Keep Your Room Cool and Quiet
Many people struggle to fall asleep because they keep their bedroom temperatures too high. The National Sleep Foundation determined the best temperature for sleep is around 65 degrees. An easy way to prepare your body for sleep is to gradually reduce the temperature throughout the evening before heading to bed. The same can be said for a room that is too loud at night. Falling sleep to a late night talk show or with the radio on can actually keep you up longer instead of helping you fall asleep.

Put Pets in Their Own Place
As temping as it is to cuddle with Fido or Fifi, try not to make a habit of sleeping each night with your pet. Having a pet in your bed is almost harder than sleeping with a partner because as you move throughout the night, your pet moves with you. More often than not, you’ll find you sleep worse when your pet shares the bed.
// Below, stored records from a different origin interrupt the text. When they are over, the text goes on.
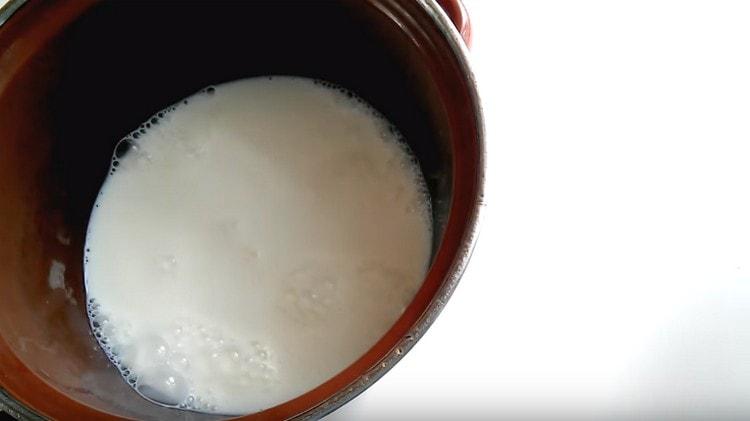 Για να προετοιμάσετε την κρέμα, στείλτε μια κατσαρόλα με γάλα στη φωτιά.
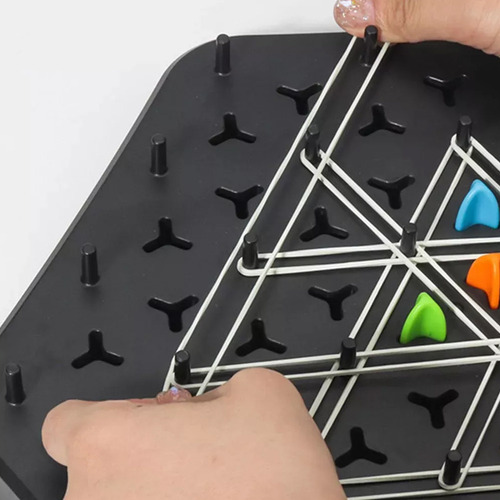 Para Nuevo Juego De Geometría Multijugador, Triangular Chess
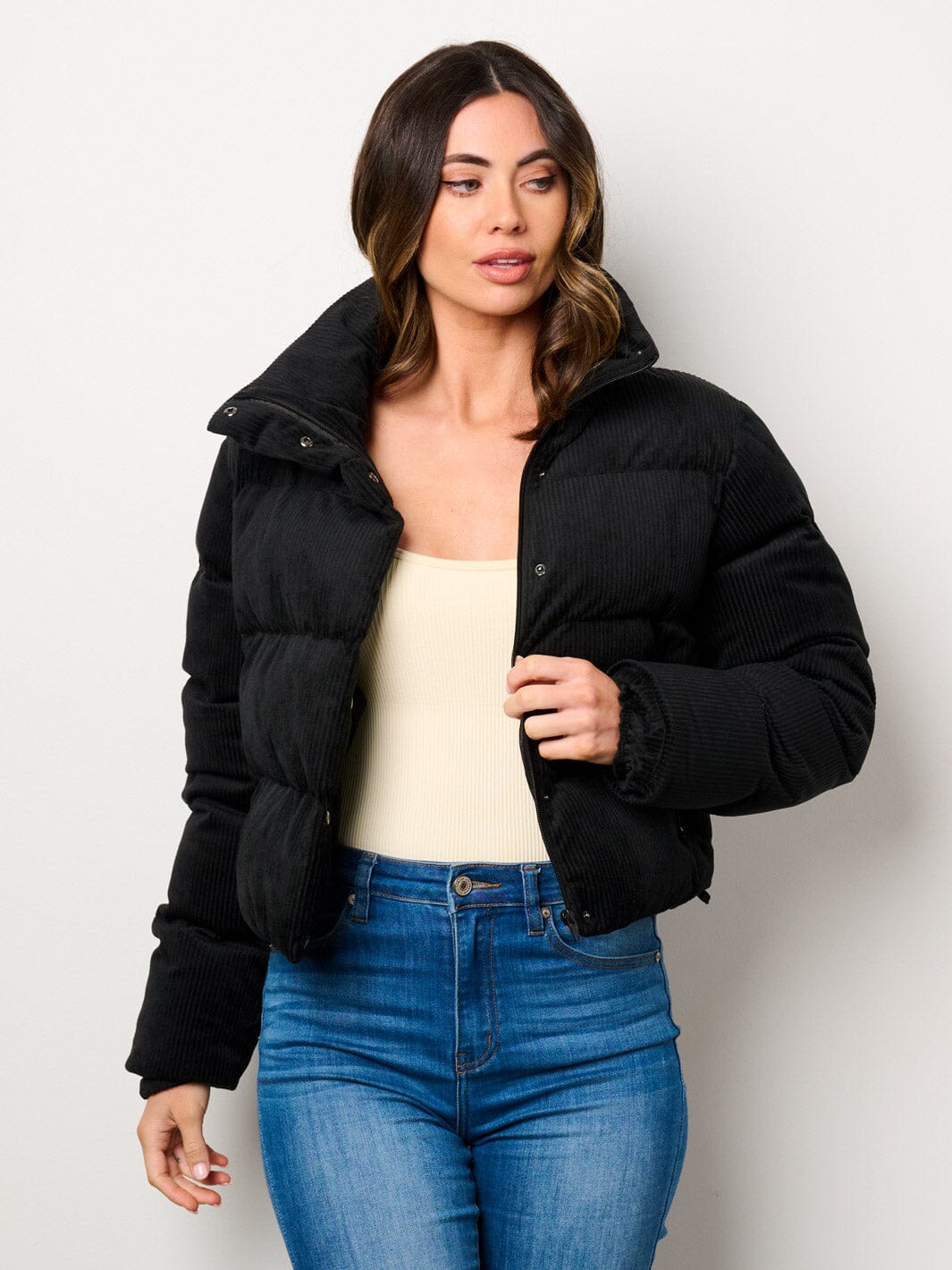 WOMEN'S LONG SLEEVE BUTTON CLOSURE POCKETS PUFFER JACKET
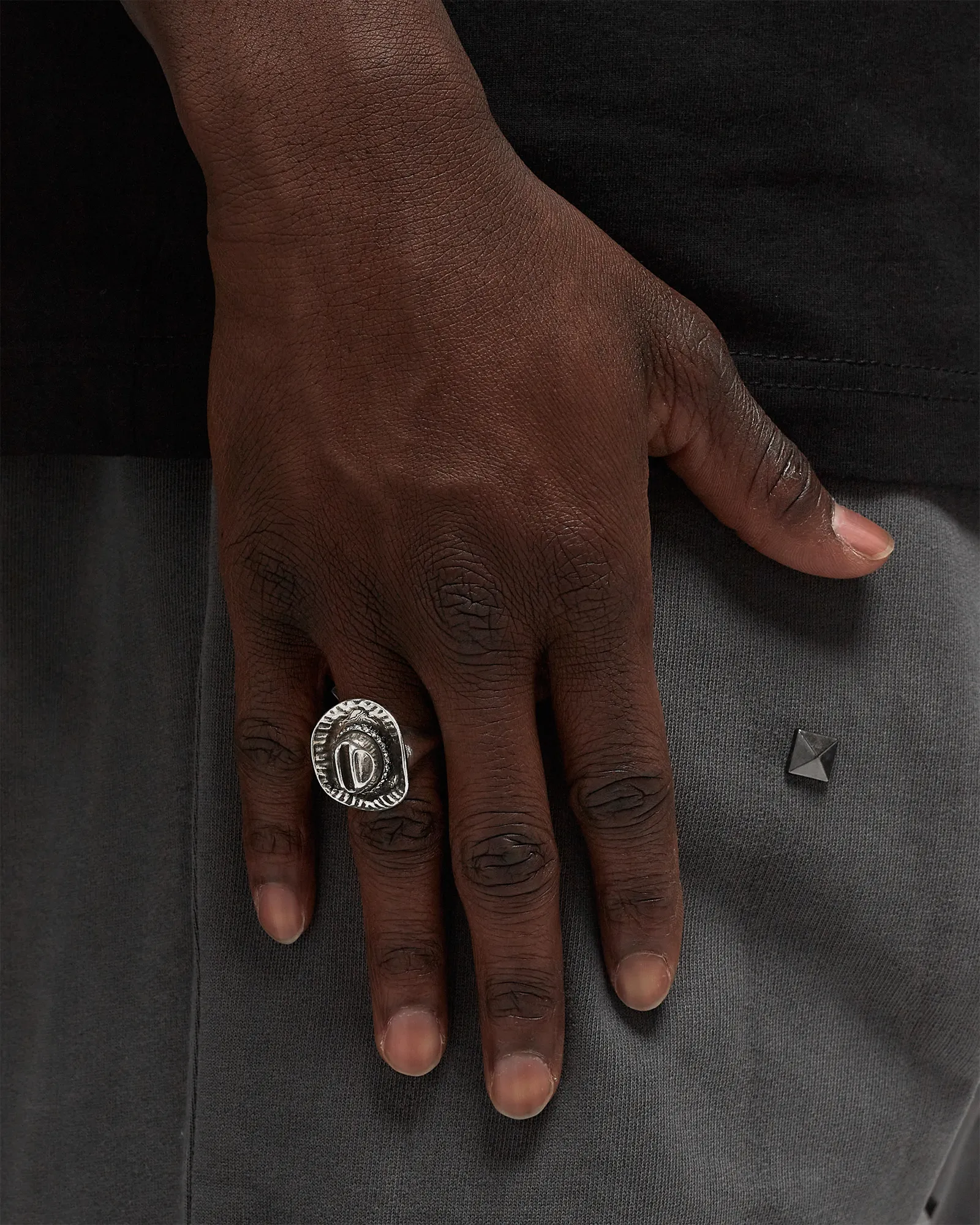 TwoJeys Hat Ring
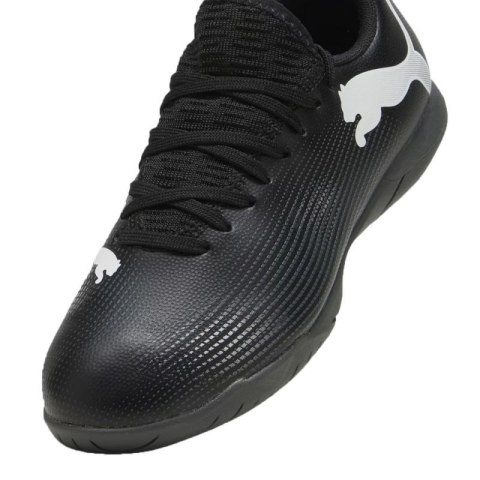 Buty piłkarskie Puma Future 7 Play IT Jr 107739 02 38,5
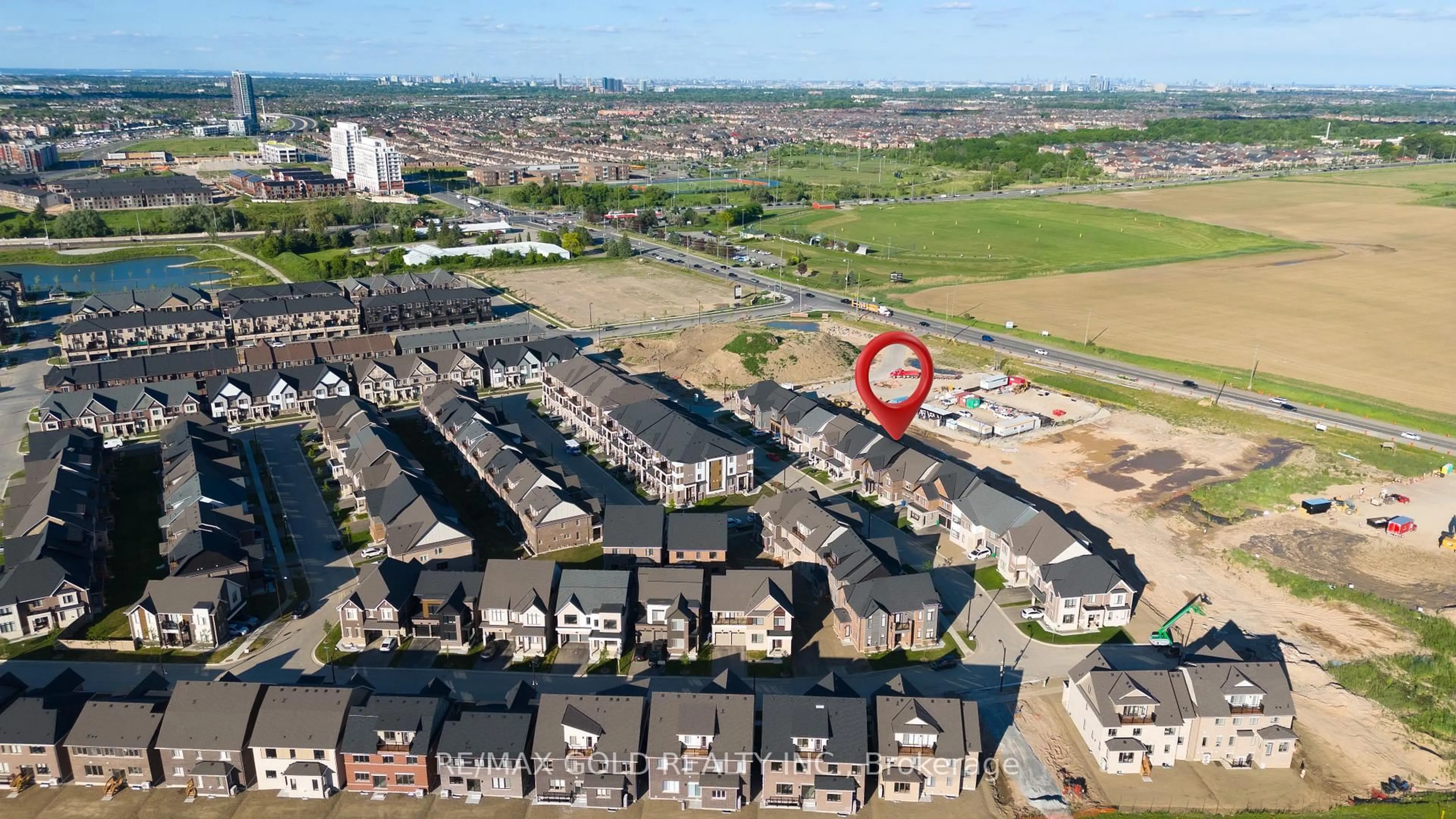 A pic from outside/outdoor area/front of a property/back of a property/a pic from drone, street for 39 Timber Falls Dr, Brampton Ontario L7A 0B8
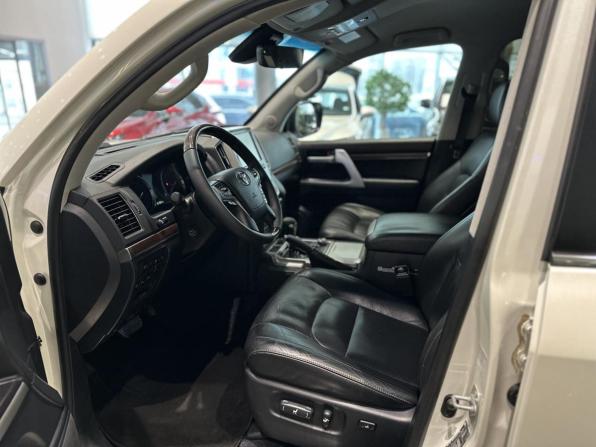 Toyota Land Cruiser 200 Series Рестайлинг 2 с пробегом 2017 года, цена 6 052 000 рублей, 167683 км, внедорожник, Автокод Объявления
Get your loyal companion a fluffy bed of their own, or designate “cuddle time” before you are ready for bed.

Turn Down the Lights
A simple, but undervalued trick is to keep your room as dark as possible. The Better Sleep Council suggests installing blackout shades on your windows to keep out light, as well as covering up LED-lit electronics that may distract from falling sleep. Similar to dropping the temperature, dimming the lights as you approach your bedtime helps to wind down your mind. Installing softer bulbs in your bedside lamps or a dimmer switch in your room can help as well.

When you’re crawling into bed after a long Monday at school or work, statistically the worst night for sleep, consider one of these easy changes to your bedroom for a better night’s sleep.